Motorrad-Marken


Vincent-H.R.D. Series-A Rapide 
Baujahr 1937


"A-typisch"

Von 1934 bis 1955 waren die Maschinen von Philip C. Vincent
die exklusivsten und schnellsten Motorräder der Welt.
Die erste 1000er war die Series-A Rapide. Nur 77 Maschinen
wurden von 1937 bis 1940 gebaut. Nach Insiderschätzung
fahren noch zehn dieser Kostbarkeiten, eine davon in Deutschland.
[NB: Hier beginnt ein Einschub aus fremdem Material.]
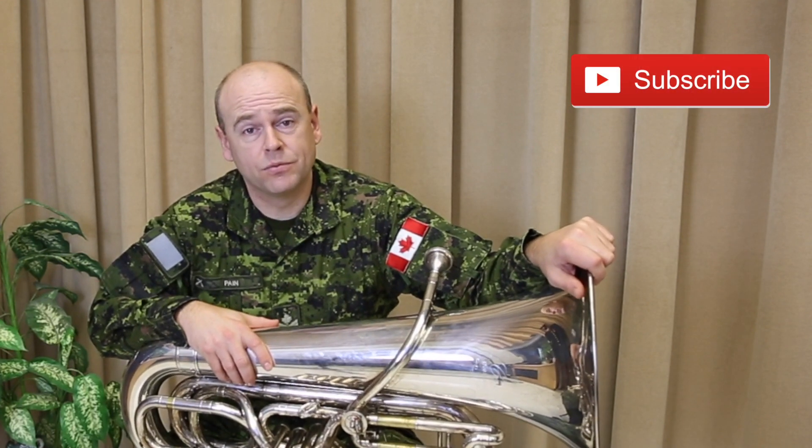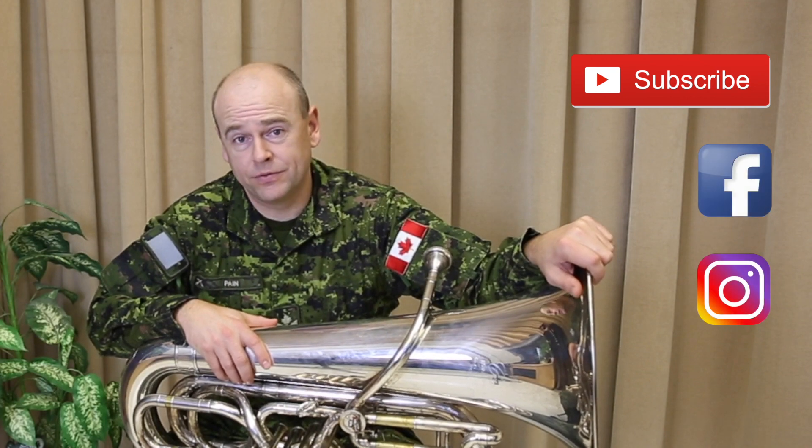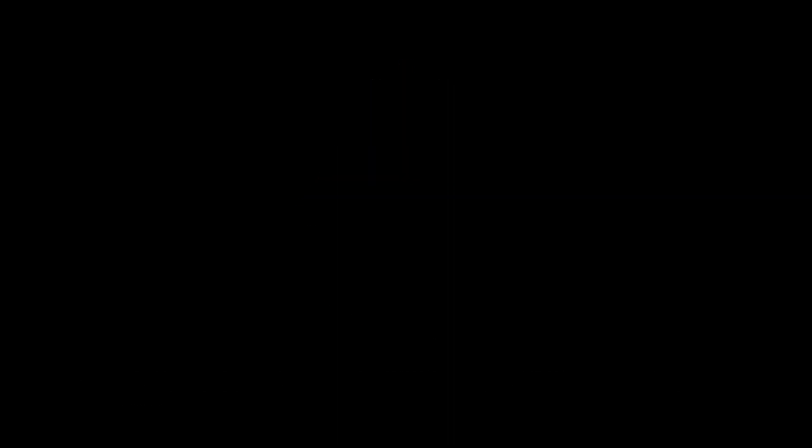If you found this video helpful, be sure to like and subscribe to our channel for more content. You can also keep up to date with the RCA Band by following us on Facebook and Instagram. We'll see you next time.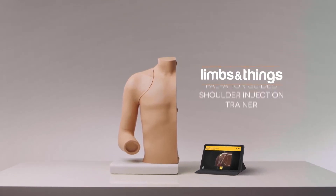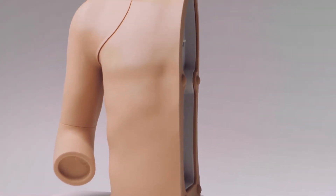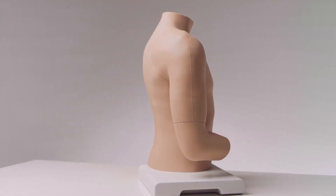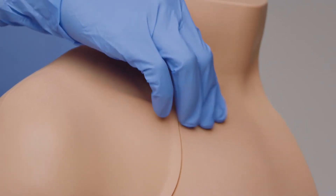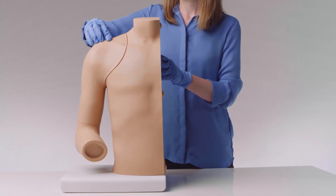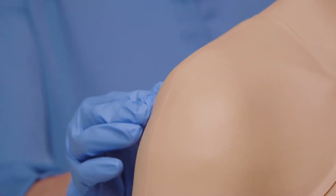This is the Limbs and Things Palpation-Guided Shoulder Injection Trainer with Companion App. It is an anatomically correct adult right shoulder that provides a realistic teaching and training platform. Suitable for postgraduate learning, the shoulder features all the relevant landmarks and underlying structures, including discrete muscle and skin layers.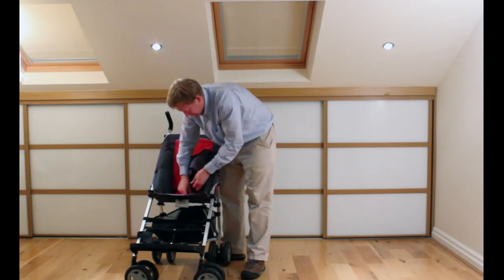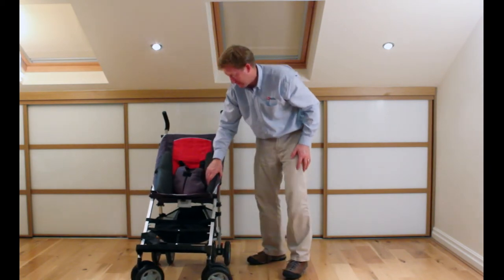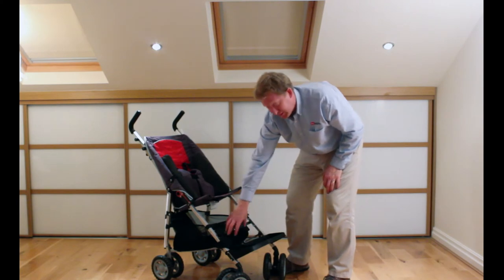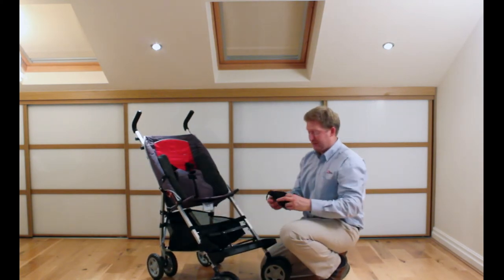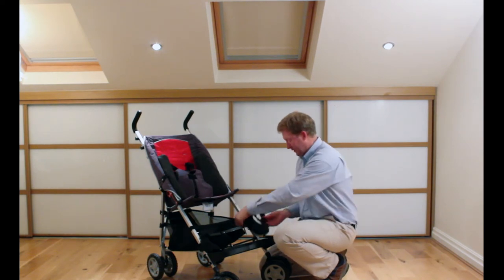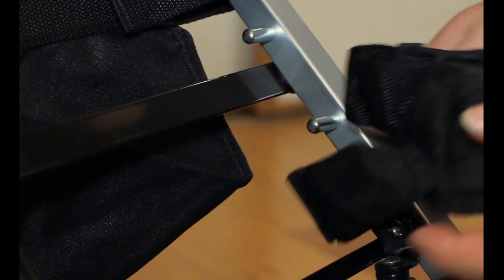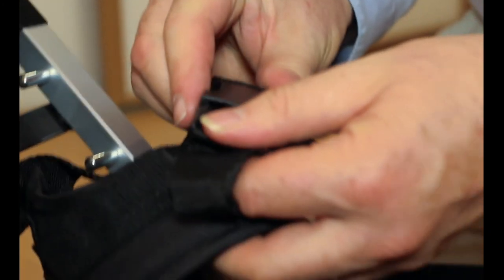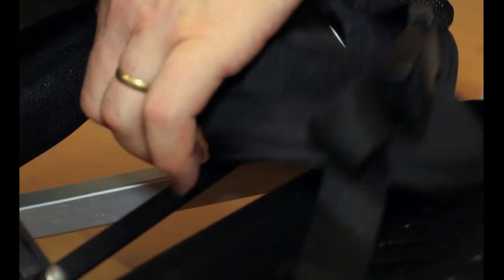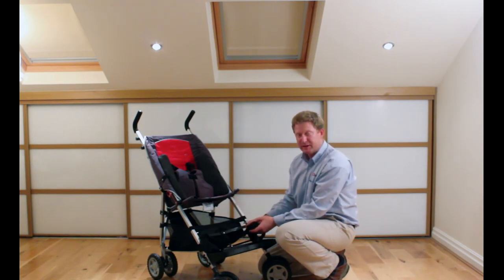You then clip them in at the lower section. The ankle huggers attach to the frame down below — I've just attached one there. It's a velcro strap that goes around the frame and holds them on, then there's a clip. When you've got their foot in place you clip it and their feet should be secure. You tighten it depending on the tension needed to keep it comfortable, just to stop their legs getting thrown out to the side if they tend to kick.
Text & Fotos: Winni Scheibe

 

Kein Zweifel, das Motorrad ist steinalt, ist todsicher ein Oldtimer. Selbst Leute, die sich im Metier nicht auskennen, tippen auf ein Vorkriegsmodell, das mindestens 60 oder sogar schon 70 Jahre auf dem Buckel hat. Zerklüftete Motortechnik, ein Öltropfen unter dem Triebwerk, offen liegende Ventilfedern, ein Gewirr von Schläuchen und Ölleitungen, spindeldürre Reifen, vorsintflutliche Trapez-Gabel, zwei Sättel und natürlich die schwarze Lackierung gehören in die Welt von Vorvorgestern. In eine Zeit, als Motorräder in jeder Farbe lackiert sein durften, vorausgesetzt sie war schwarz. Spekulationen über die Herkunft stiften hin und wieder die drei Buchstaben am Tank: "H.R.D.". Bernd Stutz, dem die bestaunte Maschine gehört, kann sich den Spaß nicht verkneifen und kommentiert: H.R.D. steht für "Honda-Research-Department" und betont mit Kennerblick, schließlich war es der geniale Soichiro Honda, der für die "Meilensteine" in der Motorradgeschichte gesorgt hat. Doch schon im gleichen Augenblick lacht er und verrät mit einem Augenzwinkern, dass es sich um eine englische Vincent-H.R.D. Series-A Rapide von 1937 handelt. Keiner nimmt ihm den Scherz übel. Zu selten und viel zu unbekannt ist der erste 1000er V-Twin von Philip C. Vincent aus Stevenage/England. Lediglich 77 Maschinen mit den Motorennummern V1001 bis V1077 wurden vom Oktober 1936 bis Anfang 1940 gebaut. Die erste 1000er-Modellreihe von Vincent-H.R.D. war allerdings keine Serienfertigung im üblichen Sinne, die Produktion erfolgte nur auf Vorbestellung. Vor dem Zweiten Weltkrieg war der Preis von 138 Pfund für ein Bike mit 1000 ccm, 45 PS und über 100 Meilen pro Stunde Höchstgeschwindigkeit eben ein echtes Vermögen.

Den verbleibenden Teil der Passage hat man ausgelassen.